Adeeyoyo's Blog

I write what I feel…

This Land


This Land

I love this land,
This land of my birth,
This wild and beautiful land,
This land of promise
And possibility,
With the hidden potential
To become another Eden
(the garden, I mean);
This land of plenty
Whose animals reflect
Its human inhabitants –
The strength of the lion and leopard
And the overt power of the elephant,
Rhino, hippo and buffalo,
The grace and sensitivity of the deer,
But humans can be subverted
Where animals cannot.
I pray Lord that You choose
Strong and powerful leaders
With moral courage and integrity
To lead us back on the path
To the fulfilment of Your dream
For this our land, our Rainbow Nation.



Rainbow Nation
From Wikipedia, the free encyclopedia

Archbishop Desmond Tutu, who is credited with coining the phrase Rainbow Nation.

Rainbow Nation is a term coined by Archbishop Desmond Tutu to describe post-apartheid South Africa, after South Africa’s first fully-democratic election in 1994.

The phrase was elaborated upon by President Nelson Mandela in his first month of office, when he proclaimed: “Each of us is as intimately attached to the soil of this beautiful country as are the famous jacaranda trees of Pretoria and the mimosa trees of the bushveld – a rainbow nation at peace with itself and the world.”[1]
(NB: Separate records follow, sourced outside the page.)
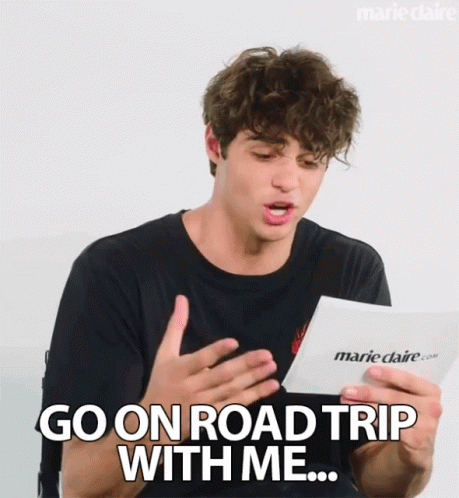 Go On Road Trip With Me Come With Me GIF - Go On Road Trip With Me Road Trip With Me Road Trip GIFs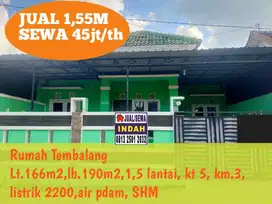 Disewakan rumah 5 kamar tidur di Tembalang
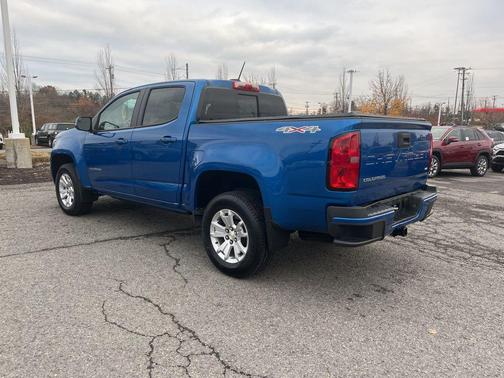 2022 Chevrolet Colorado LT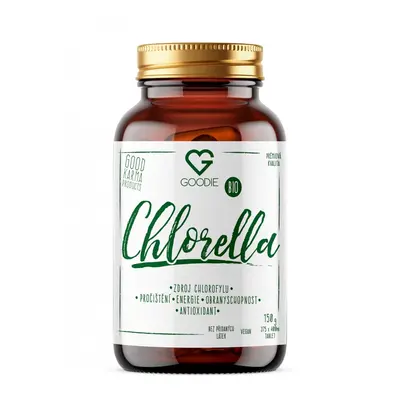 GOODIE Chlorella tablety BIO 150 g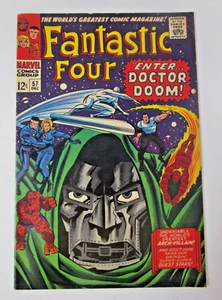 Fantastic Four #57 1966 [FN/VF] Jack Kirby Dr Doom Cover High Grade Silver Age - Picture 1 of 4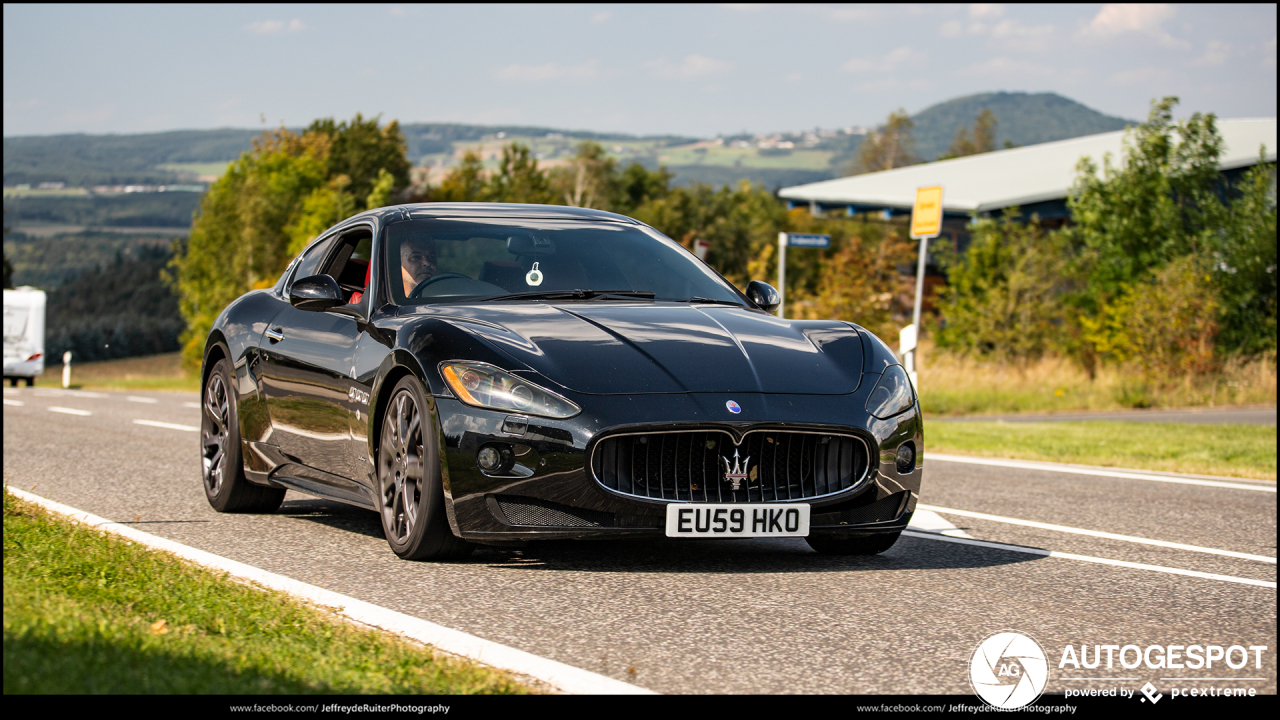 Maserati GranTurismo S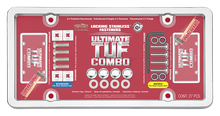 Load image into Gallery viewer, CRUISER ACCESSORIES - ULTIMATE TUF COMBO, CHROME/CLEAR

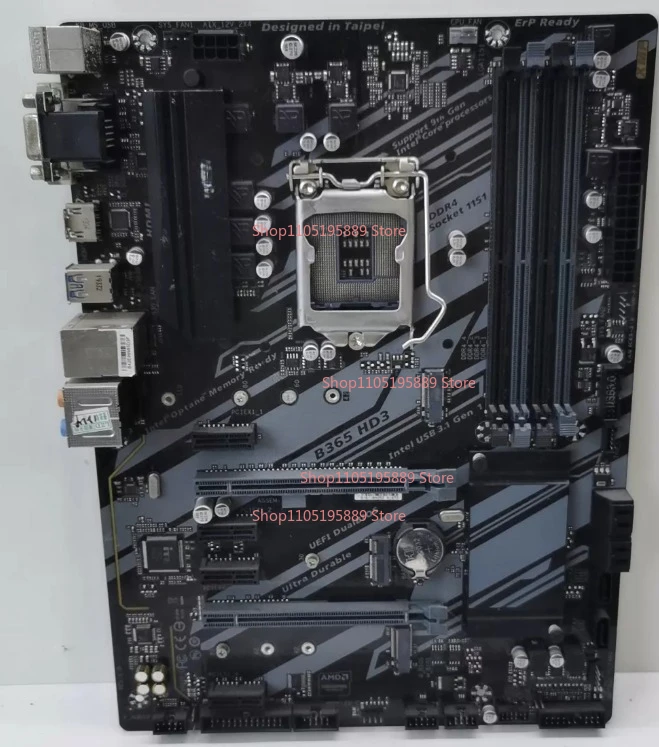 Материнская плата Gigabyte B365 HD3 Luxury ATX LGA 1151 DDR4
Материнская плата Gigabyte B365 HD3 Luxury ATX LGA 1151 DDR4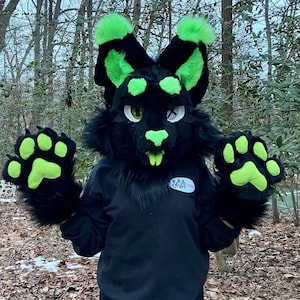 Mini Partial Fursuit Commision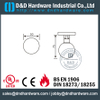 SS304 Hollow Ball Interior Door مقبض للباب الخشبي المفرد DDTH031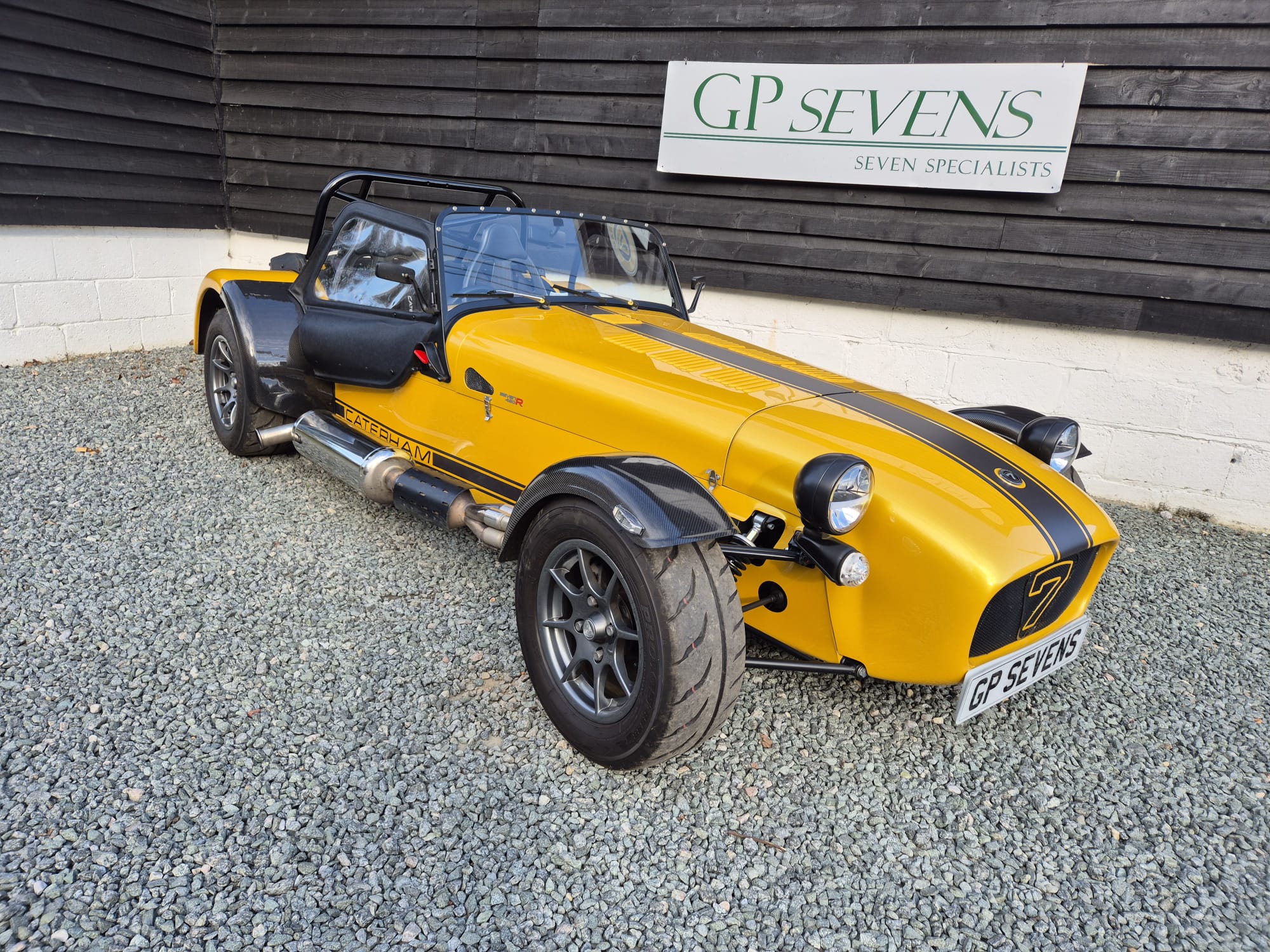 * NOW SOLD * Caterham 420R SV 2.0 Duratec 210bhp 5 speed (2021) - GP ...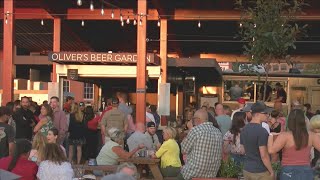 Oliver's Beer Garden officially opens with ribbon cutting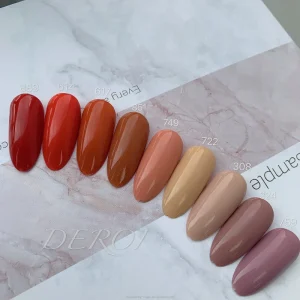 Factory Lovely Color Nail Gel Polish Professional Nails Salon Product UV Gel Polish for Nail Art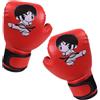 Generisch Guantoni da boxe per bambini, guanti da boxe per bambini, in pelle PU, per allenamento
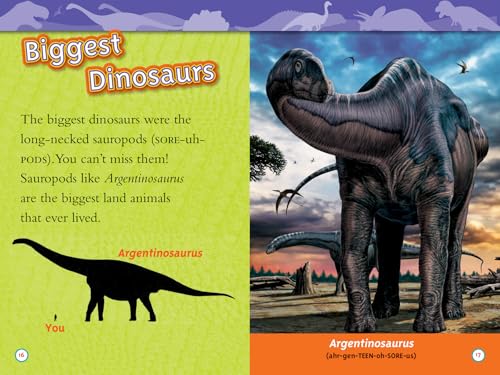 National Geographic Readers: Dinosaurs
The many migrations that formed the modern Rainbow Nation.
The term was intended to encapsulate the unity of multi-culturalism and the coming-together of people of many different nations, in a country once identified with the strict division of white and black.
In a series of televised appearances, Tutu spoke of the ‘Rainbow People of God’. As a cleric, this metaphor drew upon the Old Testament story of Noah’s Flood, and its ensuing rainbow of peace. Within South African indigenous cultures, the rainbow is associated with hope and a bright future (as in Xhosa culture).
The secondary metaphor the rainbow allows is more political. Unlike the primary metaphor, the room for different cultural interpretations of the colour spectrum is slight. Whether the rainbow has Newton’s seven colours, or five of the Nguni (i.e., Xhosa and Zulu) cosmology, the colours are not taken literally to represent particular cultural groups. The implied rhetoric avoids direct reference to colour in the sense of race (especially when acknowledging that natural rainbows have neither white nor black, the two race-associative colours). The colours are simply said to symbolise the diversity of South Africa’s usually unspecified cultural, ethnic or racial groups.

Author: adeeyoyo

I am a middle-aged South African woman, living in Johannesburg. I began writing poetry towards the end of May 2010. I love animals – sometimes more than people! I am back after a break. Thanks for still being here, if you are! Missed you! xxx

16 thoughts on “This Land

  1. I like what you did here:
    “To become another Eden
    (the garden, I mean);”

    Things aren’t looking too good at the moment, but we must keep our hopes up.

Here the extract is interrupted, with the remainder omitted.